## Exercise material
------------------------------------------------------------------------
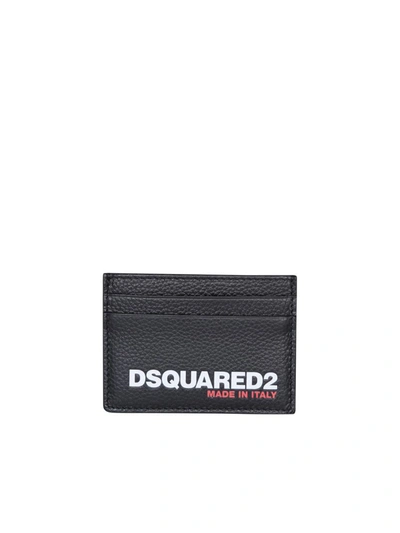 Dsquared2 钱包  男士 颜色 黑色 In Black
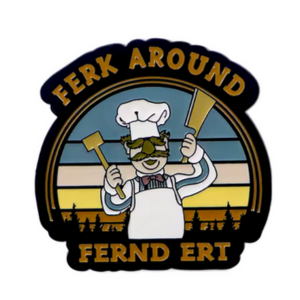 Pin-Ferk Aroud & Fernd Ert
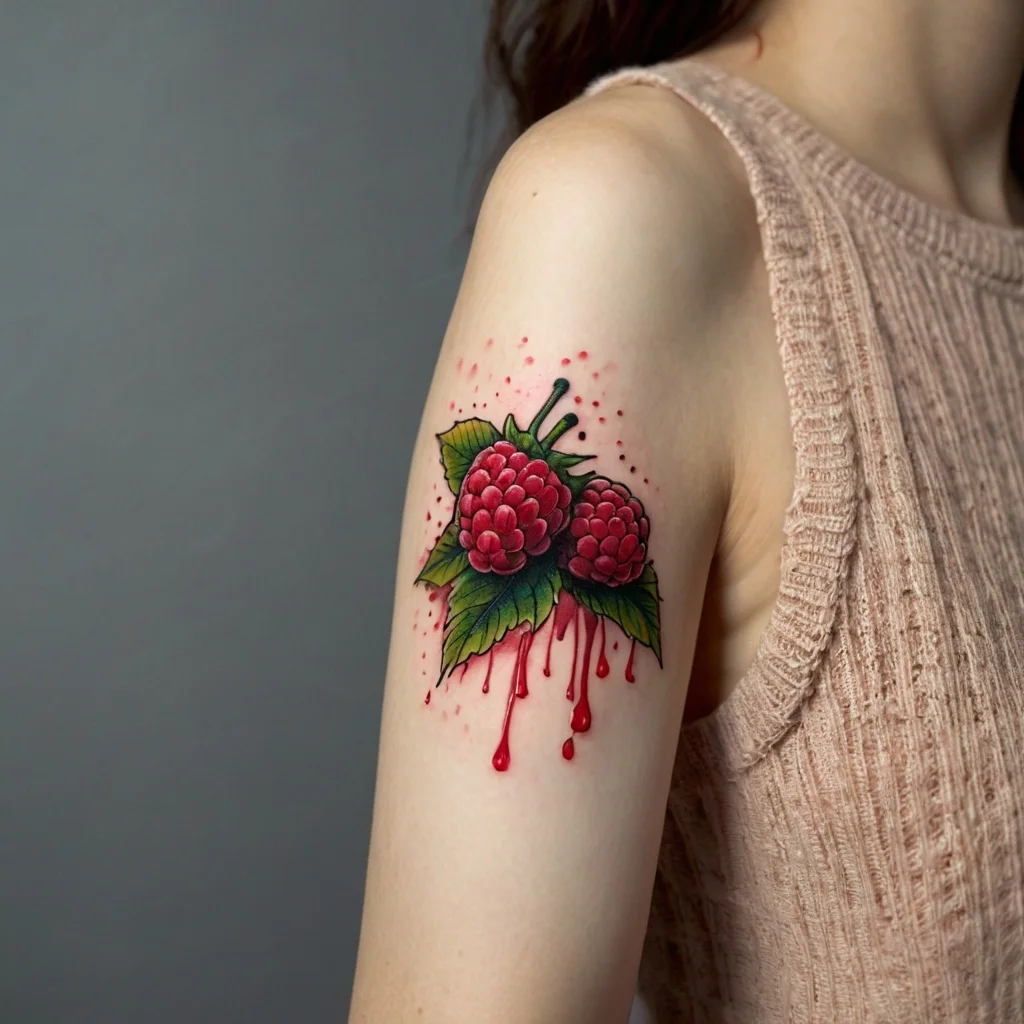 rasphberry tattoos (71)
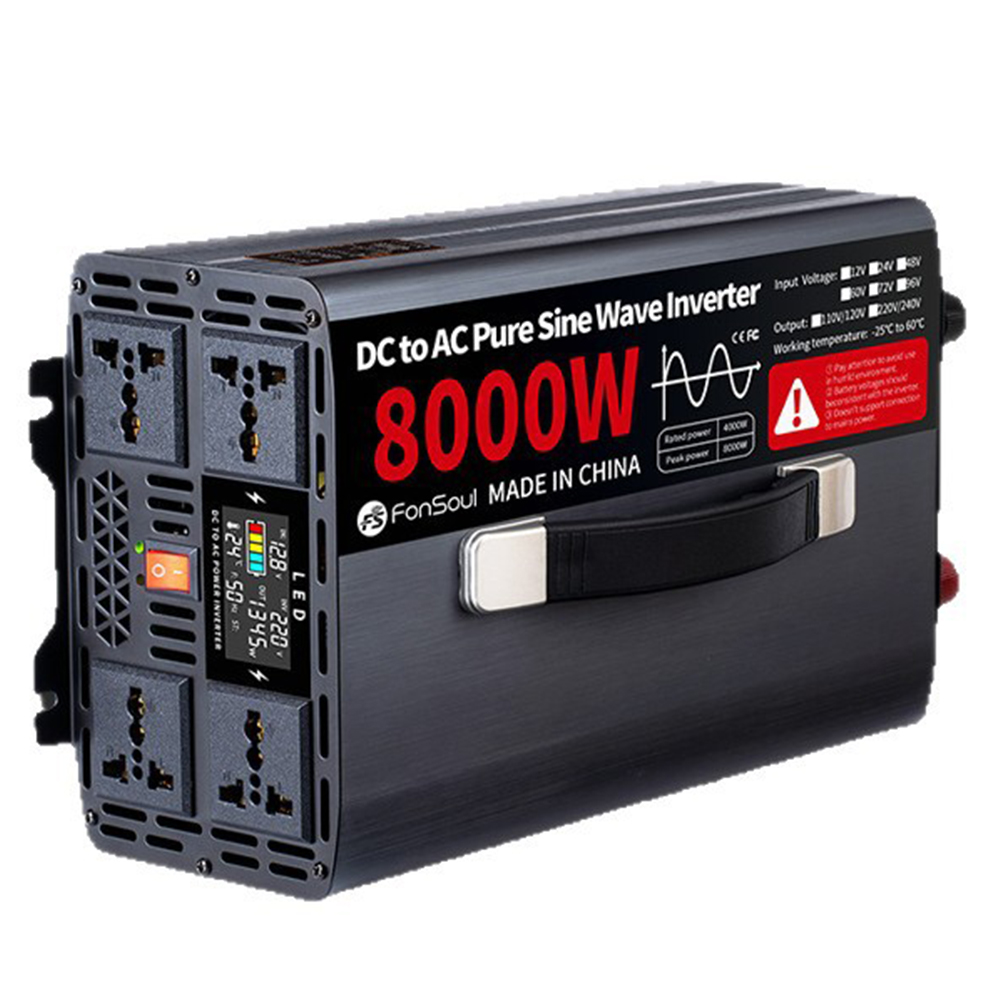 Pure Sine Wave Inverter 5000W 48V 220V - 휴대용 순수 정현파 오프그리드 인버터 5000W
------------------------------------------------------------------------
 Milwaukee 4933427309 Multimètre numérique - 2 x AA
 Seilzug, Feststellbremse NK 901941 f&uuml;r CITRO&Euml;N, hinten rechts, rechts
------------------------------------------------------------------------
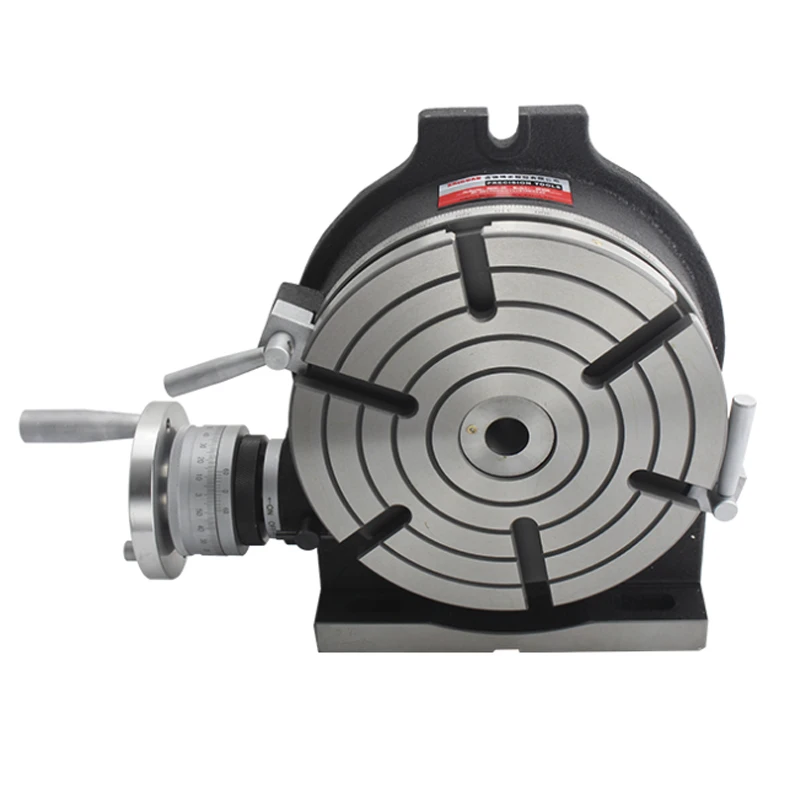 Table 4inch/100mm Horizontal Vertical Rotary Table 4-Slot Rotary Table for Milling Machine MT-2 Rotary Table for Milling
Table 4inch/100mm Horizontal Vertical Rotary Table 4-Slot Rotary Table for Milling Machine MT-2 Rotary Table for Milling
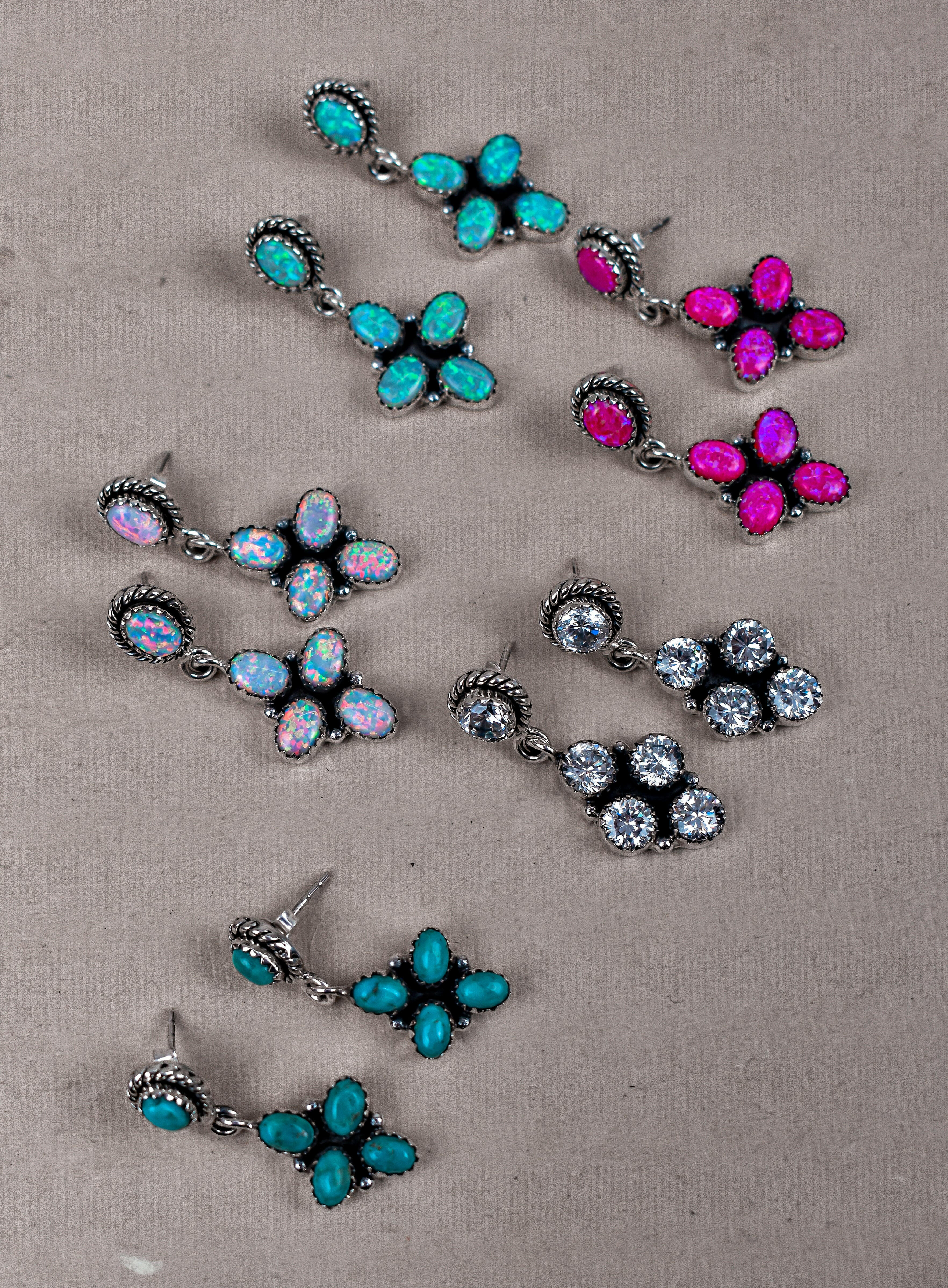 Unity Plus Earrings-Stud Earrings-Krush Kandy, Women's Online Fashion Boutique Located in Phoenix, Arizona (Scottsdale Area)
------------------------------------------------------------------------
## Problem statement
Quote the lines above exactly, starting with the one that has "Pin-Ferk Aroud & Fernd Ert" and ending with the one that has "Pure Sine Wave"; drop the pictures and include nothing else.

## Task result
 Pin-Ferk Aroud & Fernd Ert
 rasphberry tattoos (71)
 Pure Sine Wave Inverter 5000W 48V 220V - 휴대용 순수 정현파 오프그리드 인버터 5000W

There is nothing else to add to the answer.